When you were young? Yeah, there's some from Pennsylvania there I said biscuits most of the
time, spoon bread. Just stir it up good and thick and just take a spoonful at the time, make
your biscuits. Yeah, drop biscuits we call them. Yeah, my mother, she got
sick there. Dad, he got Everette Johnson to go over there on Spillcorn and haul
a load of corn one fall. My mother was sick, she couldn't couldn't get out of the bed there,
but would tell me what to, what to put in the the tater soup. That man come there. One of my first
cousins lived across the road there and she said, get the dinner over with she'd come down
there and make a pan of biscuits.

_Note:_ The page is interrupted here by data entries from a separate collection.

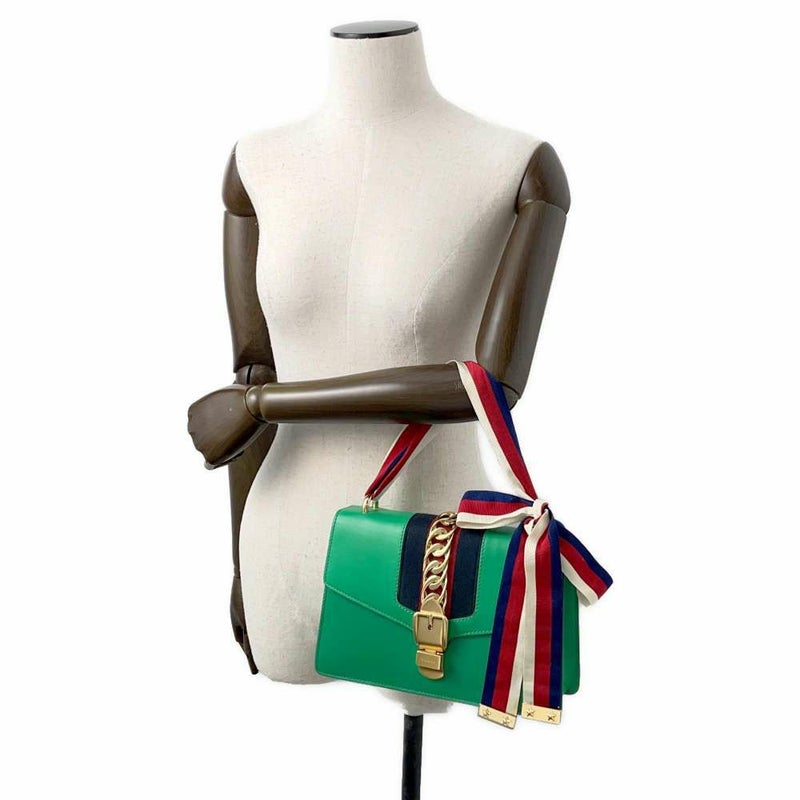 グッチ ショルダーバッグ シルヴィ 421882 GUCCI 2wayハンドバッグ チェーンモチーフ 白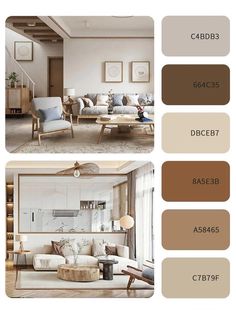 the living room is decorated in neutrals and browns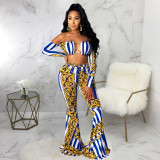 SC Sexy Printed Long Flared Pants Without Chain SMR-9787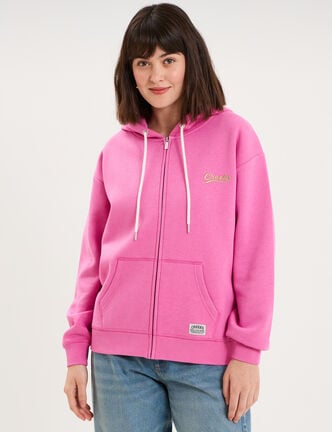 Sweat zipp&eacute; &agrave; capuche rose fushia femme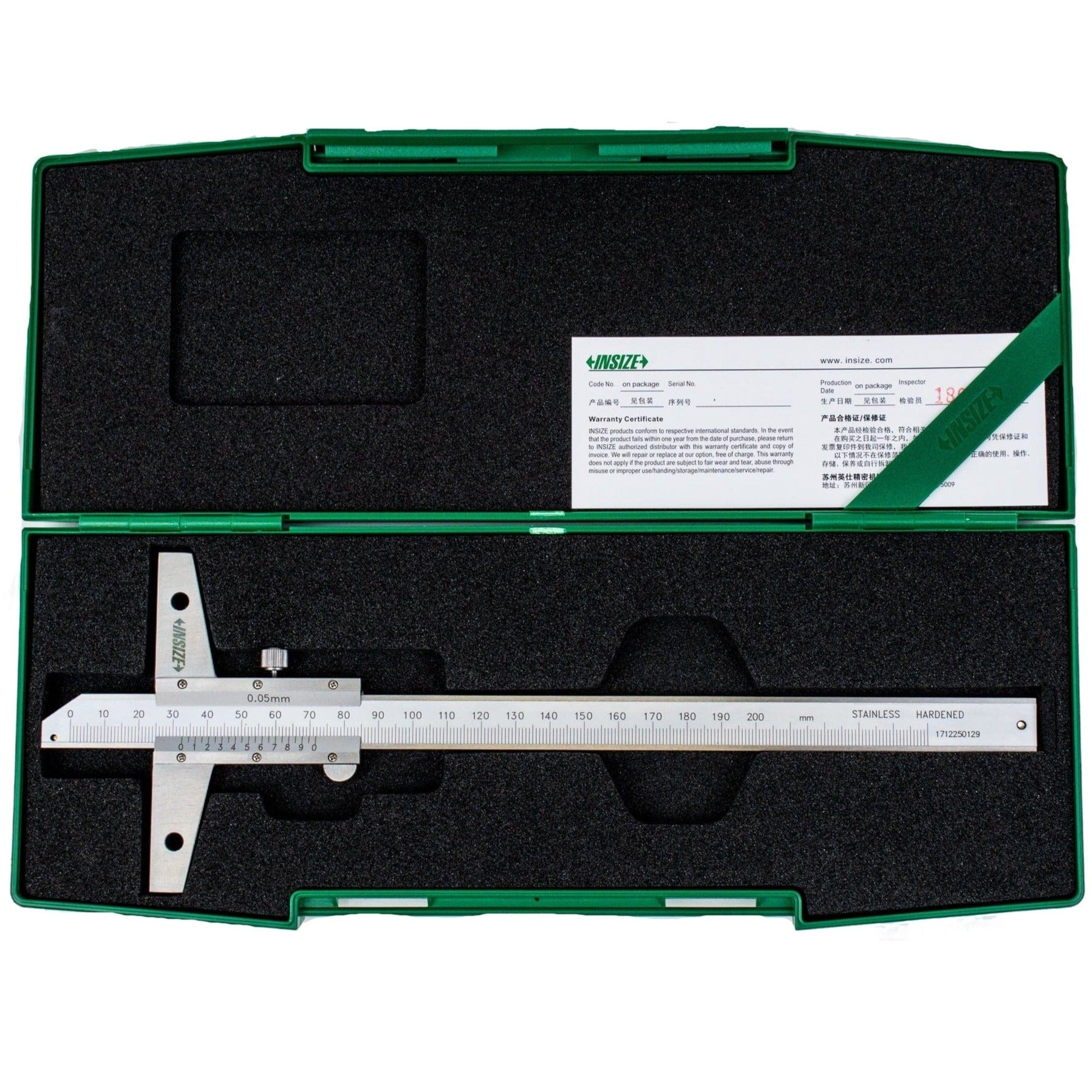 Insize Vernier Depth Gauge 0-200mm Range Series 1247-200 - Twin Eagle Imports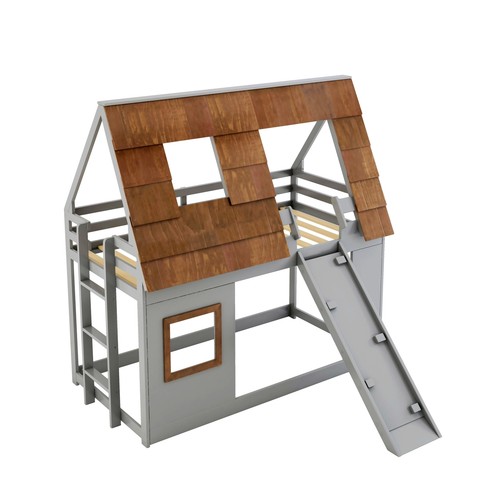 Wood Twin Size House Bunk Bed with Ladder and Climbing Ramp - Picture 8 of 9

So she come down there and made a pan of biscuits and
they brought the corn over and he went in there, eat dinner with us. He asked that girl,
said, I want the recipe of that tater soup, that's the best tater soup that I've eat yet. And
she called me "Hoot." She said, you have to see Hoot about that, he's the one that made that.
But he said they had never eat tater soup like that. I had the pepper to it and plenty of salt,
yeah. So, I told em I was the girl that she didn't have. We worked back at the mountain there and it
took us about uh anywhere from 30 to 45 minutes to walk back to the field. We took us a gallon
of milk. We had a good cold spring there and we set that gallon of milk down in there and take a
bunch of cornbread and onions or either biscuits and fruit, either one of them done good, and
we took him back there and we'd go ahead set the milk in the spring and we worked till 12.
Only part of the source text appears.